Former Marine and current Penn State student Ben Askin stands behind the bar at the local VFW, tapping beer for veterans from America's last half century of armed conflict.
He is also standing behind President George W. Bush.
Bush, he said, understands that the war on terror will not be won overnight, and that military action is a necessary tool in winning the fight.
"I think Bush is a little more realistic about the war," said 24-year old Askin (junior-political science), who added that he feels the war is the most important issue for him this election year.
His two stints in the Marine Corps ended last October. He said the experience gave him a perspective on the world that he has brought back stateside, into his worldview and into his classroom experience.
Askin received what he called his first lessons in politics under the U.S. Central Command, the same leadership overseeing military operations in Iraq.
His unit, the Combined Joint Task Force - Horn of Africa, is the lead military operation in eastern Africa. It is an area of the world close to the Middle East that he said also shares many similar views with the West.
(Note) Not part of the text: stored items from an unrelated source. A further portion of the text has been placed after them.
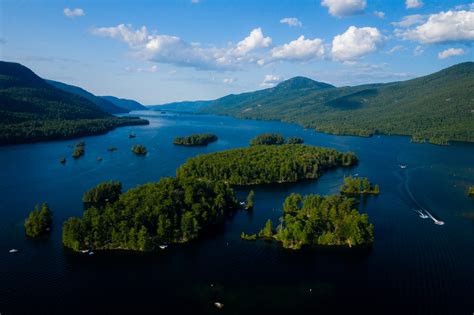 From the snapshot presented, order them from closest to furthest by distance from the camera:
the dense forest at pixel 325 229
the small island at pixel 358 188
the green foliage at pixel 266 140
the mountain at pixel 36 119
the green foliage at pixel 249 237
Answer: the dense forest at pixel 325 229
the green foliage at pixel 249 237
the small island at pixel 358 188
the mountain at pixel 36 119
the green foliage at pixel 266 140

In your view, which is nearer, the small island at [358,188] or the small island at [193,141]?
the small island at [358,188]

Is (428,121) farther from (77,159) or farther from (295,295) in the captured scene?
(295,295)

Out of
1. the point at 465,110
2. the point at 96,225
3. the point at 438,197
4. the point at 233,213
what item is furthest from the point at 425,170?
the point at 465,110

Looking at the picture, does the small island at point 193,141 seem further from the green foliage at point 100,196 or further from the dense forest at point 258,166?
the green foliage at point 100,196

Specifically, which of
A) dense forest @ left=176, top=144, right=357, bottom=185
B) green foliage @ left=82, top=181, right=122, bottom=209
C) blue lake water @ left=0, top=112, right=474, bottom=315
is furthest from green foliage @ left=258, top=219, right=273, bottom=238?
dense forest @ left=176, top=144, right=357, bottom=185

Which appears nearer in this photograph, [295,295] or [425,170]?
[295,295]

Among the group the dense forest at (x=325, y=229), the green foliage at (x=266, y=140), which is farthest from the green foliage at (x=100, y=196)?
the green foliage at (x=266, y=140) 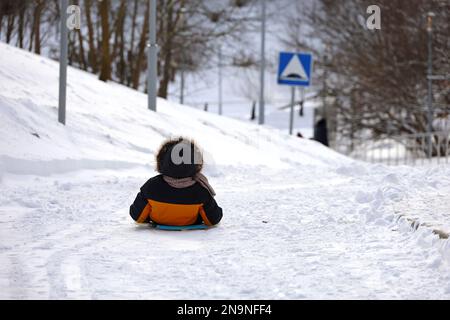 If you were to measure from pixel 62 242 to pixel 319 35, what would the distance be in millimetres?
34936

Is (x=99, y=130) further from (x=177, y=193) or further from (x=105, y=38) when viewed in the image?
(x=105, y=38)

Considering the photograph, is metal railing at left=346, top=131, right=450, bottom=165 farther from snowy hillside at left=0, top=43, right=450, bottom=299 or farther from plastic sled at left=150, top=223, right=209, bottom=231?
plastic sled at left=150, top=223, right=209, bottom=231

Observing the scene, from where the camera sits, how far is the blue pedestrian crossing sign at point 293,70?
68.7 ft

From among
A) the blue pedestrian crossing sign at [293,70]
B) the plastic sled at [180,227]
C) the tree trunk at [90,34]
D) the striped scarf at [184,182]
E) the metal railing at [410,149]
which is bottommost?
the metal railing at [410,149]

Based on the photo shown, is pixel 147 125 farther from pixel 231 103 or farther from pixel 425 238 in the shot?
pixel 231 103

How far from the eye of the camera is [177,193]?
307 inches

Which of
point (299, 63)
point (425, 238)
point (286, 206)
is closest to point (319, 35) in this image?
point (299, 63)

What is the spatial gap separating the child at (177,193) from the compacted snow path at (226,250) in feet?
0.62

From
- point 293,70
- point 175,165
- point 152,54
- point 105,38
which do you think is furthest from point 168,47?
point 175,165

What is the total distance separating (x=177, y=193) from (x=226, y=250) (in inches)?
46.0

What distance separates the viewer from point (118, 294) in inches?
203

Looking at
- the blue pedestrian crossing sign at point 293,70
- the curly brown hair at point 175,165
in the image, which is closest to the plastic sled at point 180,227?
the curly brown hair at point 175,165

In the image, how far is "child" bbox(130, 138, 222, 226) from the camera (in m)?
7.80

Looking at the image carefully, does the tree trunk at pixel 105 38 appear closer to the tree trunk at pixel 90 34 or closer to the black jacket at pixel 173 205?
the tree trunk at pixel 90 34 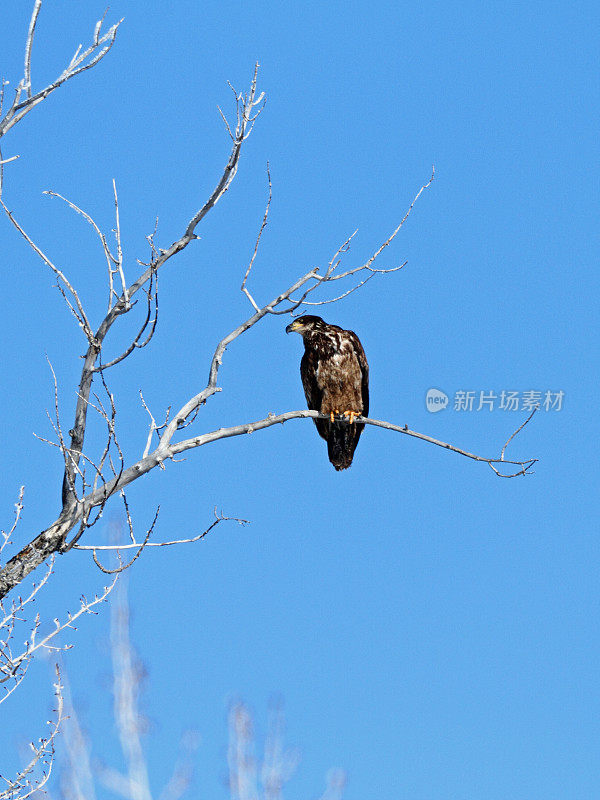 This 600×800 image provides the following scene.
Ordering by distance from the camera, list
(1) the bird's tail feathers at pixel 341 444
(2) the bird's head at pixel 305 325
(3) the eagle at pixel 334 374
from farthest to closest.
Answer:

But Askin said most of the work he has seen by the military overseas has been positive, adding that the current environment of tension will easily go away. He is voting for Bush because he said he feels the current commander in chief has a better understanding of that fact than his opponent.
Askin joined the military after high school because he said he was not ready for college, and the discipline he learned is helping him as he pursues his degree. The war in Iraq would not change his decision to enlist, he added.
He also said his real world perspective sometimes puts him at opposite ends of arguments during classroom discussion.
"It is hard to have an informed opinion when you're just in a classroom," Askin said.
Don Stine, steward of Veterans of Foreign Wars post in State College, said most veterans who frequent the Barnard Street veteran's club share Askin's view.
"Most of the military guys in here, yes, they are voting for Bush," said Stine, who served in the military during the last years of the Cold War. "Everybody is pretty much dug in."
VFW Post Commander George Zonge, a lifelong Democrat whose first wartime president was Franklin Roosevelt, agreed.
He added that in every election he's seen, soldiers and veterans, such as Askin, stand by the sitting president, including a war in Vietnam Zonge said was run by "idiots."
In this war, he also said Bush is far and away the better leader.
"I don't think Kerry is qualified to be president," Zonge said, a two-time Purple Heart winner, adding that he believes Kerry's wounds in Vietnam were too superficial to merit his decorations. "I will definitely be voting for George W. Bush."
But despite protests from Zonge and others about Kerry's war story, Askin said the issue did not figure into his choice for president.
"I wasn't there that day, so I wouldn't know," he said.